Tuesday, August 29, 2006

Additional Thoughts On Katrina Anniversary

Here are some additional thoughts to those I composed earlier this week. Red tape continues to hamper the relief and recovery efforts. No surprise there.

What is a surprise is just how many folks appear to conflate the amount of aid that the federal government allocated for the purpose of rebuilding and the amount of money spent. The former is the not equal to the amount of the latter. $200 billion may have been authorized by Congress to spend on rebuilding, but that does not mean that all that amount will go to New Orleans, or even that it has all been spent. Thus far, only a fraction of that amount has been spent across the entire region, and only a fraction of that amount has been drawn upon by Louisiana and New Orleans. Some of the money is being stalled by bickering between Gov. Blanco and Whiplash Nagin.

Meanwhile, there are plenty of other folks writing about the anniversary. Bob Owens still thinks rebuilding New Orleans in its current location makes little sense given the geological makeup of the region and subsidence rates. Paul at Wizbang makes the argument that Katrina actually saved lives because the levees were dangerous even under normal conditions and the hurricane meant that far fewer people were in the path of the raging floodwaters than otherwise would have been. He bases his argument on a video showing the first stages of a failing levee, and that the water levels in that particular area were not overtopping the levees, or even at their high water marks.

Paul's point about levee integrity is relevant even today. The levees still aren't built to withstand category three storms; the levees failed during Katrina when the storm was only a category one storm over New Orleans. The Corps is late in getting flood control projects completed, including new pumps that are supposed to work to pump water out of New Orleans when flood gates are closed. That loud sighing sound you heard earlier this week was that of the Corps administrators knowing they dodged a huge bullet.

Oh, and there are still issues with paperwork at the Louisiana state and local level. Red tape at the state and local level has finally been navigated so that construction of improved flood control can begin. And New Orleans isn't included in the areas where the bureaucratic issues have been resolved:
After several weeks of negotiations, amendments to existing cooperative agreements have now been signed between the corps and local governments that will let contractors begin lifting subsiding levees, do pump station work, and shore up some flimsy floodwall in East Jefferson, as well as finish building 11 miles of levees on the east bank of St. Charles Parish.

But none of the new work can begin in Orleans, St. Bernard Parish or on the West Bank of Jefferson Parish, and no new Southeast Louisiana Urban Flood Control, or SELA, projects in Jefferson or Orleans parishes can be let until local, state and federal authorities resolve remaining disputes and amend their Cooperative Project Agreements as well.
Constructing new wetlands barrier space is probably the best idea I've seen in a while. It's potentially far cheaper to create the wetlands than to build new levees, and it opens up ecological and wildlife areas that would be a boon to fishermen and outdoorsmen, not to mention birders and nature lovers. Wetlands can absorb and provide a buffer against storm surges, and lessen the impact of hurricanes. The downside is that they, like barrier beaches, are temporary and will flow and ebb depending upon storms. If done right, however, they could provide advantages that levees cannot.

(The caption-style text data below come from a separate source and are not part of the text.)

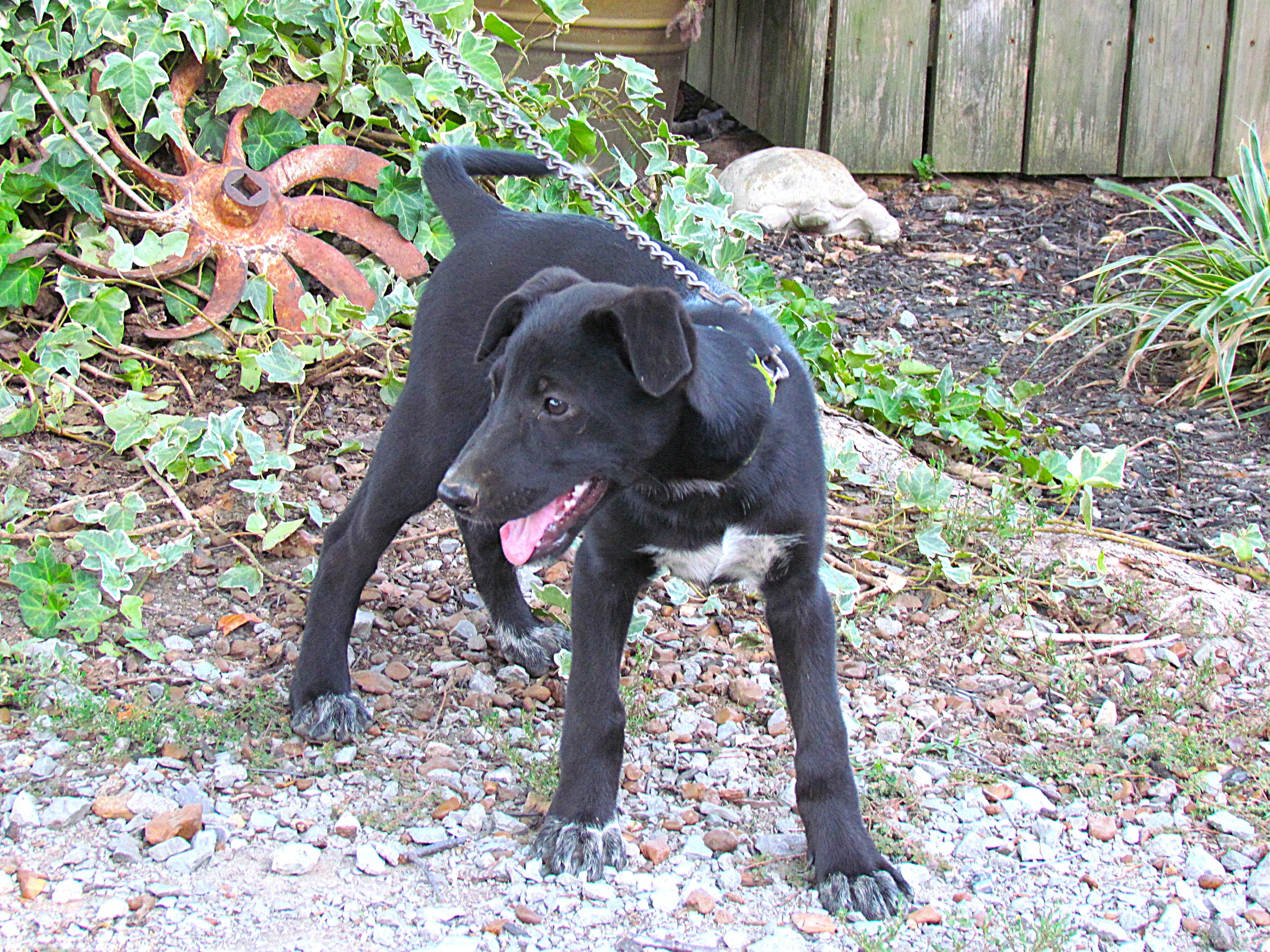 Ava- COME MEET ME Jan 26!, a Adoptable mixed breed in Medfield, MA image 2/5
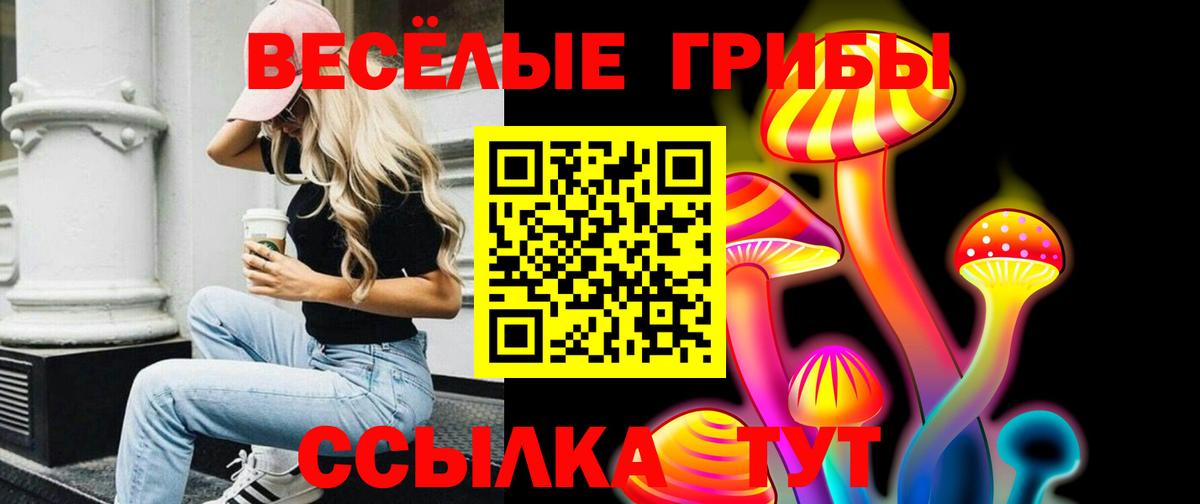 Галлюциногенные грибы ЛСД Клинцы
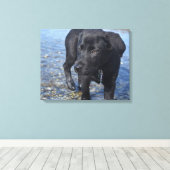 Adorable Black Lab Welpenhund Leinwanddruck (Insitu (Holzboden))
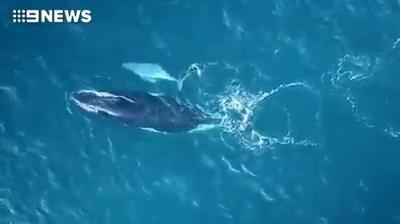 Baby white whale spotted making its way up northern NSW coast. VIDEO: 9 Gold Coast News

President Bush, meanwhile, pledges a better government response. Well, what about the state and local level? As we've seen elsewhere, the ability to deal with natural disaster varies greatly and depends upon the abilities of the local leaders to actually lead. New Orleans and Louisiana suffered for the lack of leadership.

Brenadan Loy, who blogged the hurricane landfall and the aftereffects (and blogs on hurricanes generally), has much more, including an appearance in the Spike Lee joint on Katrina's effects on New Orleans. Oh, and he gives Spike a thumbs down on the fairness and balance of the 'documentary.'

Others blogging: DJ Drummond, Sister Toldjah, Hot Air, Gateway Pundit, and A Brief Period of Me.